**Provided material**
================

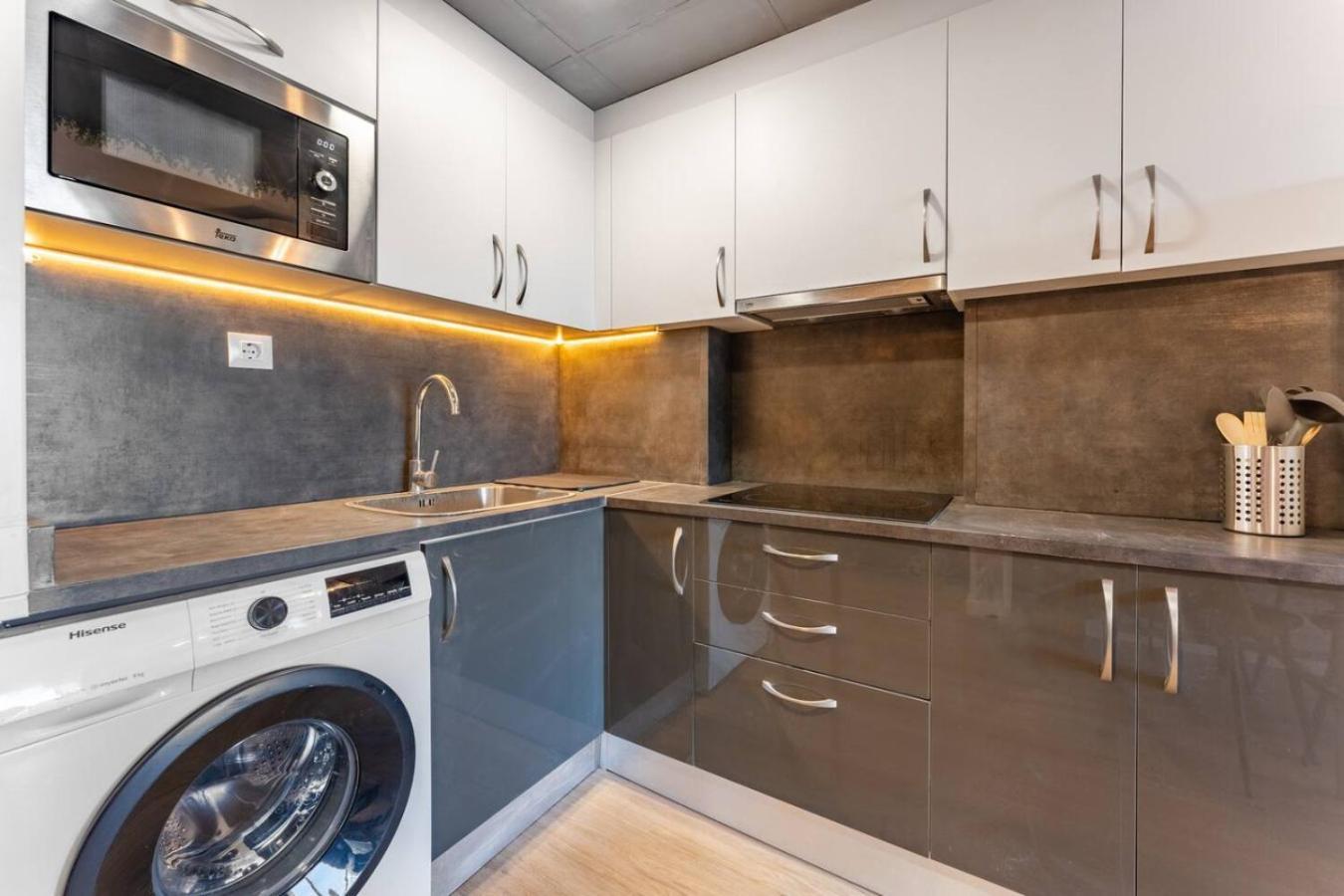 Apartment Industrial Loft At The *
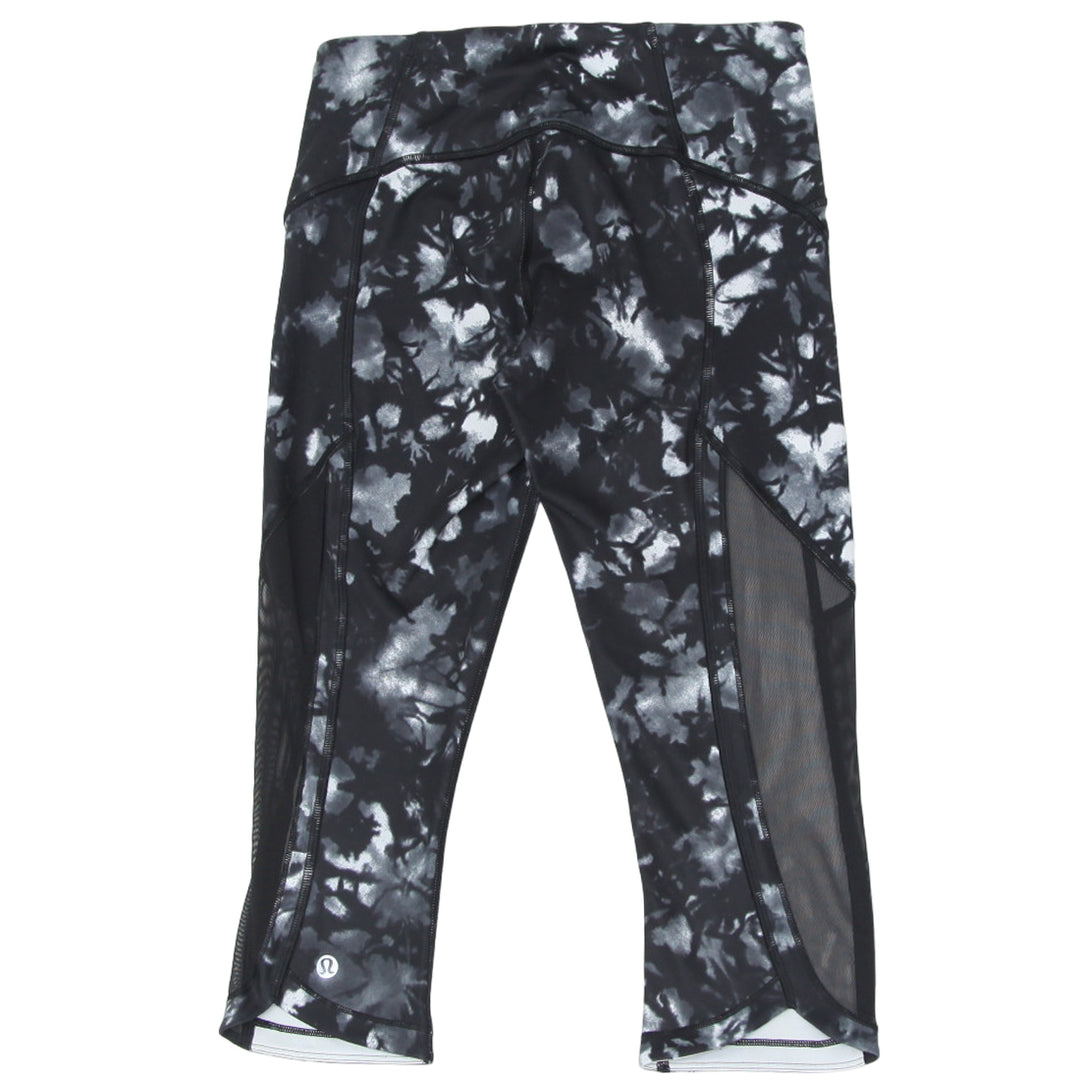 Ladies Lululemon Black Floral Capri Leggings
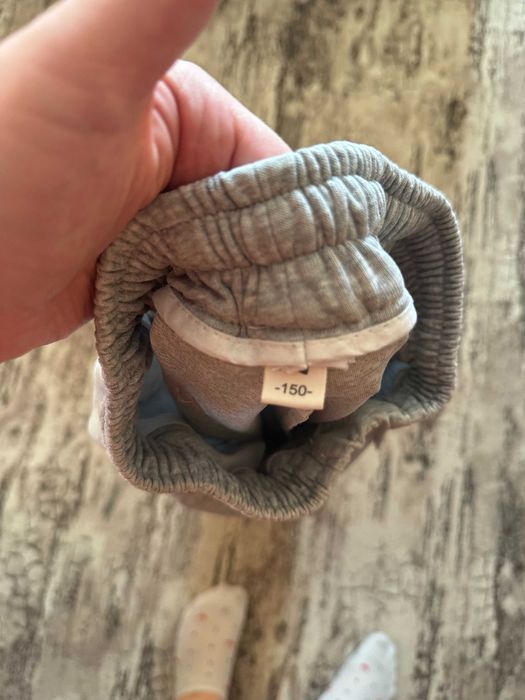 Спортивні штани на дівчинку 150 розмір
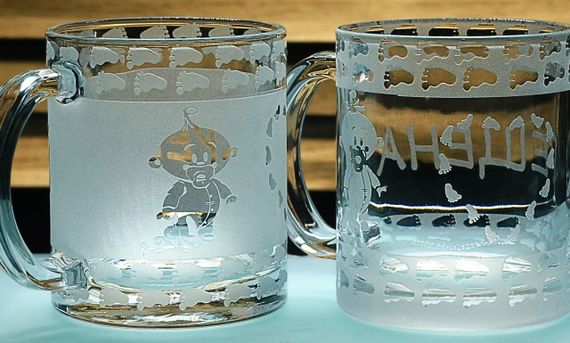 Парні чашки 320 мл для хрещеного та хрещеної з гравіюванням подарунок на хрестини подарункові кружки | Зображення 1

================

**How to complete this task**
Since the pictures are not wanted, give the material again exactly without them.

**Exercise result**
 Apartment Industrial Loft At The *
 Ladies Lululemon Black Floral Capri Leggings
 Спортивні штани на дівчинку 150 розмір
 Парні чашки 320 мл для хрещеного та хрещеної з гравіюванням подарунок на хрестини подарункові кружки | Зображення 1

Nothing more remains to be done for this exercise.